The market plays an important role in the community as a place for vendors and neighbors to gather and to socialize. Board president Lenora Moore explains that “it’s part of the community, people look forward to it, a lot of older people walk through the market. I don’t say they always spend money, but it gives them something to do on the weekend.”  

Art Polk, who has been selling records and other collectibles since the market first started, lives nearby, agrees. “It’s part of my community ... (it’s) a cultural center more than a flea market.”  

As an economic resource, the market has expanded beyond the community. Marty Lynch, now executive director of LifeLong Medical Care, was a representative to CSU in the early days. He recalls that “we realized that part of the benefit was really to support the underground economy of South Berkeley. A lot of people were living on the edge and this provided another venue to make a few bucks.”  

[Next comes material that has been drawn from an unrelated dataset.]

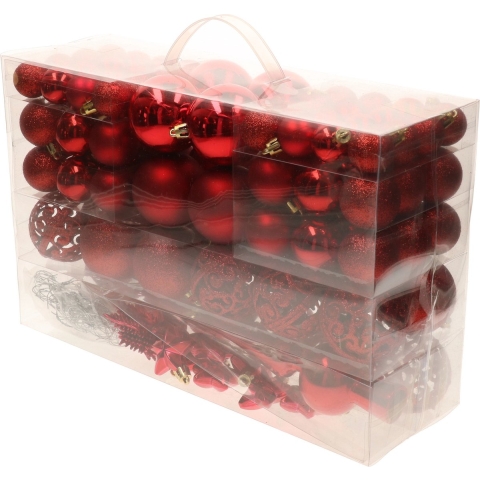 Pakket met 110x stuks kunststof kerstballen/ornamenten met piek rood -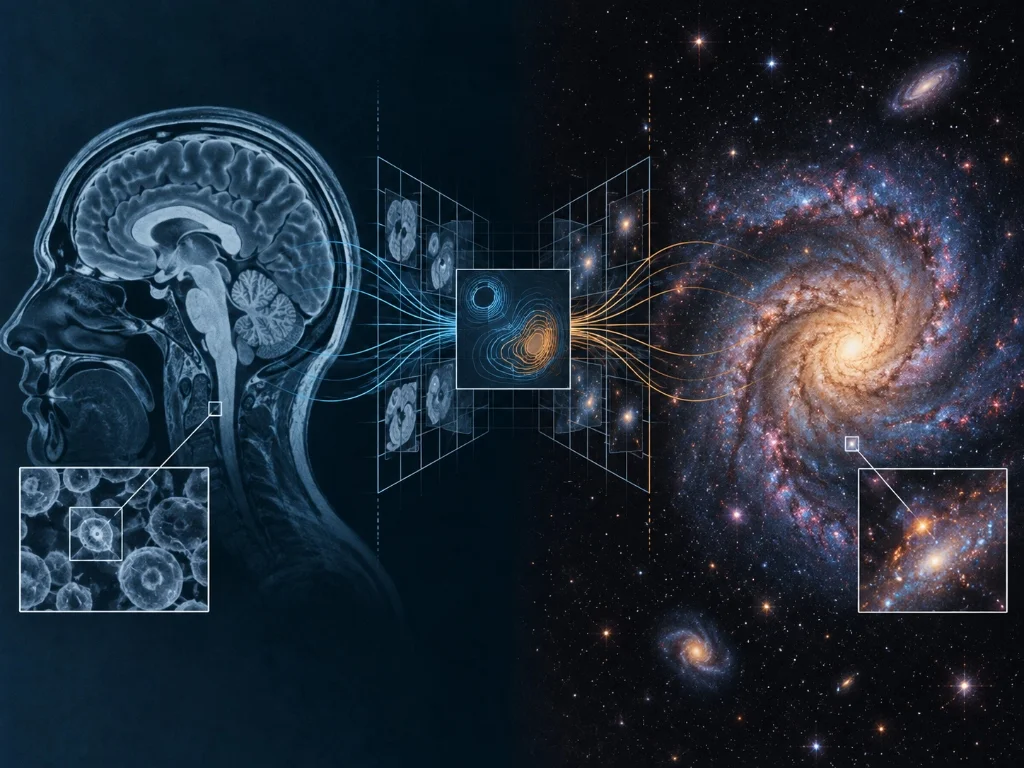 Ilustración sobre Bridging gaps with computer vision: AI in (bio)medical imaging and astronomy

Today there are many vendors offering imported items. This gives an opportunity for immigrants and refugees from other countries to earn an income and at the same time offer hand-crafted imported goods to the shoppers at reasonable prices. There is jewelry from India, wood carvings from Africa and Indonesia, exotic clothing, and lots more.  

The roughly 248 stalls are fully rented out to about 150 vendors (many rent more than one stall) every non-raining Saturday and Sunday. The stall fees, which have gone from $5 to $20 over the last 25 years, are still a bargain. The income from the stall fees pays all the expenses—the BART lease, toilet rental, dumping fees, insurance, security, staff salaries and miscellaneous expenses, as well as the regular contributions to the member organizations. Market manager Errol Davis is pleased with the diversity of the people and the goods that are sold. He boasts “it’s the best flea market in the Bay Area.” And most people would agree with him.